What needs to be done | Among the entries that follow, find every line with the word "graphic" and list it.

Records from a collection

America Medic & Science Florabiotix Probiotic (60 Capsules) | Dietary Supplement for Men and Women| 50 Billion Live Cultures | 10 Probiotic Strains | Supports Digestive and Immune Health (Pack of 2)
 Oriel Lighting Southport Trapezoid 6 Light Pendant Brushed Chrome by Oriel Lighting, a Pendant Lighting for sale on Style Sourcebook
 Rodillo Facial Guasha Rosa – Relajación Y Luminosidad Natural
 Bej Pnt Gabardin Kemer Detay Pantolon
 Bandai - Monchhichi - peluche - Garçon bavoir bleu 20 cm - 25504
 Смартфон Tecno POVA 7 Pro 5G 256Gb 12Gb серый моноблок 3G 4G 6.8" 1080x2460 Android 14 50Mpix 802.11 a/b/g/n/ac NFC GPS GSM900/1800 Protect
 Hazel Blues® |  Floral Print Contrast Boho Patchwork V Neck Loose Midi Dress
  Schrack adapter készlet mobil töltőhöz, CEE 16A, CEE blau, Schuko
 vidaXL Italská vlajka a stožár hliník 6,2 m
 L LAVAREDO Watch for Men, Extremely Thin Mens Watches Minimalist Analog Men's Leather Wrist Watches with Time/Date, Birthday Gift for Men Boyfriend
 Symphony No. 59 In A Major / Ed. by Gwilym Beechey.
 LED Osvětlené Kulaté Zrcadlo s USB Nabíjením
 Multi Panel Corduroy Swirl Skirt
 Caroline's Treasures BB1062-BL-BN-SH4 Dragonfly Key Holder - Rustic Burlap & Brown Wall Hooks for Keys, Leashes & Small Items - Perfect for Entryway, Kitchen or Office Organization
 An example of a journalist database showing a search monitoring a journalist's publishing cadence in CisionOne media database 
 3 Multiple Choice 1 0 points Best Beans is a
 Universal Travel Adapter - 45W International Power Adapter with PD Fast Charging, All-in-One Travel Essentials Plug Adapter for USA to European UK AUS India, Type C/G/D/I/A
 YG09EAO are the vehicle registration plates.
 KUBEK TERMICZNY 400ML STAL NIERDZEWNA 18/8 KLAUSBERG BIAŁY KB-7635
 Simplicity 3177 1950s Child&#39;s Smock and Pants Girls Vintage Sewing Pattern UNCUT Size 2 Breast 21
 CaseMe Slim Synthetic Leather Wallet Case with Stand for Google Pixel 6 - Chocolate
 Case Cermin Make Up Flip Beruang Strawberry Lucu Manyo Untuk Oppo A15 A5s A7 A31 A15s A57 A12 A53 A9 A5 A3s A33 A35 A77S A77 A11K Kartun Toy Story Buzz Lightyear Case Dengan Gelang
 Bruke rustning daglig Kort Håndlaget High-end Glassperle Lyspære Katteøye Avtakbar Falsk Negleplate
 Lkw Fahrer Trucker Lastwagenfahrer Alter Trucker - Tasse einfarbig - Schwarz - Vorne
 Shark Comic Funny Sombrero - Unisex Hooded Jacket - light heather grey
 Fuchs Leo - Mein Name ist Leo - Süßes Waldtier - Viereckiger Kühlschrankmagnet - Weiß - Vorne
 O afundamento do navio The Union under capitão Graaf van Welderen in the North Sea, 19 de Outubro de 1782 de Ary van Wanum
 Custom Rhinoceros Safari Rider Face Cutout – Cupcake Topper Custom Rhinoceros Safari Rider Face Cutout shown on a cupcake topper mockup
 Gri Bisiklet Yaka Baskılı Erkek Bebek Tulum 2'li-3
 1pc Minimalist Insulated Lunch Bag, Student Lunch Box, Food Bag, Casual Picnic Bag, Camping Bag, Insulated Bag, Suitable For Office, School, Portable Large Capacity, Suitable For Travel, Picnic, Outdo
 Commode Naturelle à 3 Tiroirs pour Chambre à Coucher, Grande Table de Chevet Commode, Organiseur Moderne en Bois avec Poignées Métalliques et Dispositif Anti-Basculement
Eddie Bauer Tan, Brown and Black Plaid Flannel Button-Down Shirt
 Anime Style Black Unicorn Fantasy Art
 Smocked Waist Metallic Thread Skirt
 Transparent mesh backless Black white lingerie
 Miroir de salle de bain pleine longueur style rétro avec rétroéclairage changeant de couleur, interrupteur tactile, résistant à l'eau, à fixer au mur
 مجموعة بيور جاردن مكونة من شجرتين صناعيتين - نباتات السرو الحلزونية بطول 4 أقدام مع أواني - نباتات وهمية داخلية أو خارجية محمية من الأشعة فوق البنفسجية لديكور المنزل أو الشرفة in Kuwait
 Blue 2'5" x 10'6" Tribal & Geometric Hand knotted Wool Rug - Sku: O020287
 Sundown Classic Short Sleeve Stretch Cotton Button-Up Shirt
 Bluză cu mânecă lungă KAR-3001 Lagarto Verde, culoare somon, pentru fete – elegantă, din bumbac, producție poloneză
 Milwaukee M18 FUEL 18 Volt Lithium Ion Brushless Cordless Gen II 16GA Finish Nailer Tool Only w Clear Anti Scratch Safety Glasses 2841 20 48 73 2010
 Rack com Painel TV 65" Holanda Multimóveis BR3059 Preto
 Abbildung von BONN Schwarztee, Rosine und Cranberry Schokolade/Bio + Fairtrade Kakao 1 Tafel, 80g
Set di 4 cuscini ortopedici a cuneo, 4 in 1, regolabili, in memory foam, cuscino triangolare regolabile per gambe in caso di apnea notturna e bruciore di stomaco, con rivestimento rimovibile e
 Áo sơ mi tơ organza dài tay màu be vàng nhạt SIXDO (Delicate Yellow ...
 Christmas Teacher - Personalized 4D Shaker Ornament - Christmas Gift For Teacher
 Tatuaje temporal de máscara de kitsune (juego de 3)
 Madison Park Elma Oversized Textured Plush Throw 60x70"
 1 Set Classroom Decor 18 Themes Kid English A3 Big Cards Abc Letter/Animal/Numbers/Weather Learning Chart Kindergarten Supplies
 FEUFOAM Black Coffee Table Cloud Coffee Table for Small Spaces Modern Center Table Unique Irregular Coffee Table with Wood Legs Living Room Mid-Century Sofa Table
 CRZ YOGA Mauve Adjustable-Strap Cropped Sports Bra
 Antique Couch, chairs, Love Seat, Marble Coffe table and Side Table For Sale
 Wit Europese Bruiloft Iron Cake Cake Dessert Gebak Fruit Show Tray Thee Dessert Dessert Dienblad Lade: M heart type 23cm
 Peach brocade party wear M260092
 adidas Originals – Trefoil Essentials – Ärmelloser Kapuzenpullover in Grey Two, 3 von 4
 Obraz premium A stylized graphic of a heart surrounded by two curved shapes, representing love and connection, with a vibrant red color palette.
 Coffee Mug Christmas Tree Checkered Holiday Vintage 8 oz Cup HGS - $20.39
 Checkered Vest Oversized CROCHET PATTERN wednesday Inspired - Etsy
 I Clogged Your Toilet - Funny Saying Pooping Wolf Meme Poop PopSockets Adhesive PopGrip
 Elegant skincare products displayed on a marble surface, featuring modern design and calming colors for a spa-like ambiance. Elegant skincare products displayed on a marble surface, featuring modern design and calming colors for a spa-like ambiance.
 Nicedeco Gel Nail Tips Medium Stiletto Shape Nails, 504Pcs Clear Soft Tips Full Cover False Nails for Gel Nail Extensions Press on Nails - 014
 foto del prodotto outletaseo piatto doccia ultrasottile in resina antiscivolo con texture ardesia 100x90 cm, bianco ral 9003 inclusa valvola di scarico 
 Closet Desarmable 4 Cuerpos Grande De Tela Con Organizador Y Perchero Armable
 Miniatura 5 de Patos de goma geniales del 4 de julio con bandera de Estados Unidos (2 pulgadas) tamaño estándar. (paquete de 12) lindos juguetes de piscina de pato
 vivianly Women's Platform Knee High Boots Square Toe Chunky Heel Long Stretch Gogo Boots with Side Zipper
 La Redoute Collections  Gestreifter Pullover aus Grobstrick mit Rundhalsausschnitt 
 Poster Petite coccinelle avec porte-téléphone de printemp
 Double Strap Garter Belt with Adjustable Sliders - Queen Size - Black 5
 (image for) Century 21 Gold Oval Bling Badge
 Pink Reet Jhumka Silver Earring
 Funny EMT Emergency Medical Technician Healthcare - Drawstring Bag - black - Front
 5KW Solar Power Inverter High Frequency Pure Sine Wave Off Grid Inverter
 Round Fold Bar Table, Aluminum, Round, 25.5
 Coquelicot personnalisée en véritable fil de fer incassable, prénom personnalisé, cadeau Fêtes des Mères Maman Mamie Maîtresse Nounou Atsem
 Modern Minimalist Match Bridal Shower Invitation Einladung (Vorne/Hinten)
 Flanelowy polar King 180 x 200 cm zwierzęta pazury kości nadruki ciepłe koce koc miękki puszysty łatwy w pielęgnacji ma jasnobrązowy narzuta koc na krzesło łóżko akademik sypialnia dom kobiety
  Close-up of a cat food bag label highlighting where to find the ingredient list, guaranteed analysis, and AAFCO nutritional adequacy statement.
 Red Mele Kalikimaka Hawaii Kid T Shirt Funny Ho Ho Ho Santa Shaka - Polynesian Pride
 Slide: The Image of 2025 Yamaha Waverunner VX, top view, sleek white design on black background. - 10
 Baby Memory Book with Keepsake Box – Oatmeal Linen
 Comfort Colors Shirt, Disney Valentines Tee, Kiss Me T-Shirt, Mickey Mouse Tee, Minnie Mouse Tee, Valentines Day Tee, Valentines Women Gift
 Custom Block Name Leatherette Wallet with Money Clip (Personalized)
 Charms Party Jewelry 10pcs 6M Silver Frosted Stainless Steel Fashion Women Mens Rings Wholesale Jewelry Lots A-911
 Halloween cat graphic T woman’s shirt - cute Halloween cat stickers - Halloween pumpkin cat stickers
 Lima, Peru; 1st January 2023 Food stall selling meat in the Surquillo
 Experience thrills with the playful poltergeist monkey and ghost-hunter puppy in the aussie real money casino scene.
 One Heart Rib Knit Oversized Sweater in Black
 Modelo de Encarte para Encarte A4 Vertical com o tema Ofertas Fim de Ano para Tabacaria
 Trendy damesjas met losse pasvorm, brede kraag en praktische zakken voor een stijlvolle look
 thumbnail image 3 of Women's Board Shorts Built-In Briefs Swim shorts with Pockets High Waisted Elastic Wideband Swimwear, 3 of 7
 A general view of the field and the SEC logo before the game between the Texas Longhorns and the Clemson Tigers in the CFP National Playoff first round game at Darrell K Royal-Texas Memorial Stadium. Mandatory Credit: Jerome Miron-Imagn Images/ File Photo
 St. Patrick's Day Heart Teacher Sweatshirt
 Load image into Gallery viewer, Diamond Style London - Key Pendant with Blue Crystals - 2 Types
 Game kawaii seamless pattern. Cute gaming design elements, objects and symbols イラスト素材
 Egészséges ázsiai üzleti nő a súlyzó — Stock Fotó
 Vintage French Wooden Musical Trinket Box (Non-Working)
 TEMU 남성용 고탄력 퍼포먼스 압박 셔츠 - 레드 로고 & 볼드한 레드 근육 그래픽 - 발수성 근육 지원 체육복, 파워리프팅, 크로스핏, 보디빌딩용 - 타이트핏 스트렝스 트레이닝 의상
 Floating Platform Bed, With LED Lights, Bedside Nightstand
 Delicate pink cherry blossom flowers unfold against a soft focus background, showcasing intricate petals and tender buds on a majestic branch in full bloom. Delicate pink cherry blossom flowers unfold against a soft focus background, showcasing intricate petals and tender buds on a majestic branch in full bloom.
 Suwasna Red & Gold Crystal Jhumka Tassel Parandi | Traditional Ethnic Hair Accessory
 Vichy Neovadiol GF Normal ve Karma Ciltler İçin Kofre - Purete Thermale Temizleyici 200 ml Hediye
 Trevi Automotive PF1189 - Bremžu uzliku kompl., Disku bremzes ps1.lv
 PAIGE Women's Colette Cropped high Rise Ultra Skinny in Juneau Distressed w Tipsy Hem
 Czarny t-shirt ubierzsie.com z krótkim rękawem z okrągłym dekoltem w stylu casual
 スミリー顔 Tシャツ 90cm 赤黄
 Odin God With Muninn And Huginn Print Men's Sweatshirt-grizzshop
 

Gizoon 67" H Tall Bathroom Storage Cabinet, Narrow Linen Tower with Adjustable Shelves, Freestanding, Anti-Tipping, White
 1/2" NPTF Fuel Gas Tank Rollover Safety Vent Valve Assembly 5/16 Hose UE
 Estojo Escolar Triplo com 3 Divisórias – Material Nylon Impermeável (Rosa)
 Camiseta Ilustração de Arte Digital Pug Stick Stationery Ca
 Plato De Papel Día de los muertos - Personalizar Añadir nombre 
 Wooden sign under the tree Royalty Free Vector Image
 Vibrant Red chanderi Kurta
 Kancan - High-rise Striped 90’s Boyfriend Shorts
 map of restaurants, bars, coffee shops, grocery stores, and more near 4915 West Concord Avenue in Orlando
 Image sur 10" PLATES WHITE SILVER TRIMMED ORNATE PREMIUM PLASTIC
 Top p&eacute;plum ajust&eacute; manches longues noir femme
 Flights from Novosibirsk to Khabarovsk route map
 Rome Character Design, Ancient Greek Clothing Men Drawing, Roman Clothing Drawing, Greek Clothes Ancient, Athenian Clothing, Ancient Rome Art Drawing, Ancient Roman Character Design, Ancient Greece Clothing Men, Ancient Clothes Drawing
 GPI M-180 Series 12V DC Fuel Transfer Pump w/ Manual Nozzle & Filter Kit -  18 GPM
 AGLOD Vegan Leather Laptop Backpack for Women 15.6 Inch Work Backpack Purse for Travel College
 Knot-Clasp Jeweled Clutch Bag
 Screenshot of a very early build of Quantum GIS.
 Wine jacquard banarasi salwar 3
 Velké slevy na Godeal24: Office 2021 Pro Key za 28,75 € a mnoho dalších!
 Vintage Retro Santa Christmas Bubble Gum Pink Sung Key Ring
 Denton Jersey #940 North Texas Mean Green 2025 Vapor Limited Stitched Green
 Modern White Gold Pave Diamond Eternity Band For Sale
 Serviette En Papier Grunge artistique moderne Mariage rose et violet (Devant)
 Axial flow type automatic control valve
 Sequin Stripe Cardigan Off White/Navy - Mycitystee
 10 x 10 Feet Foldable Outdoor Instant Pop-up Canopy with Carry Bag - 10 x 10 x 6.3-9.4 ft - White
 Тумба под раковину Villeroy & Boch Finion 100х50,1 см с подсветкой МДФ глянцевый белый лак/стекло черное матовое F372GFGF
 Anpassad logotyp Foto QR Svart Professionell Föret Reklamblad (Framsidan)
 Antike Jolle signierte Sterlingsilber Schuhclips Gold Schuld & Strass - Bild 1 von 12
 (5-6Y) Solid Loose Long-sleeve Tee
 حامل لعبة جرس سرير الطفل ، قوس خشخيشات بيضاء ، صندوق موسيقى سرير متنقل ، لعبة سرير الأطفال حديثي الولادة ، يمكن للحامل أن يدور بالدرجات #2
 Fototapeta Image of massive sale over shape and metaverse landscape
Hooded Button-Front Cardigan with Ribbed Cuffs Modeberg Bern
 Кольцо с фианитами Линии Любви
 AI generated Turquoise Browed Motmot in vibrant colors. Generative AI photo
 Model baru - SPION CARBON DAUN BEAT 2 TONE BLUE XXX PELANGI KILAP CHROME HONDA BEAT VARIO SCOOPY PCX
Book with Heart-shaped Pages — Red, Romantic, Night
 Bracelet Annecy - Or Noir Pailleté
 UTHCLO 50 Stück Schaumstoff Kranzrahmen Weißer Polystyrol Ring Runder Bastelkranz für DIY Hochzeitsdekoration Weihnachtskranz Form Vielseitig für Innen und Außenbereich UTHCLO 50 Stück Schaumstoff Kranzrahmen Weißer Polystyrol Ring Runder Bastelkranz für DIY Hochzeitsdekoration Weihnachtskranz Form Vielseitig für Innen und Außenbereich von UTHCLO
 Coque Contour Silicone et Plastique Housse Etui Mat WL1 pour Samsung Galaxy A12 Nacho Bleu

Reply |
 Obraz premium A stylized graphic of a heart surrounded by two curved shapes, representing love and connection, with a vibrant red color palette.
 Halloween cat graphic T woman’s shirt - cute Halloween cat stickers - Halloween pumpkin cat stickers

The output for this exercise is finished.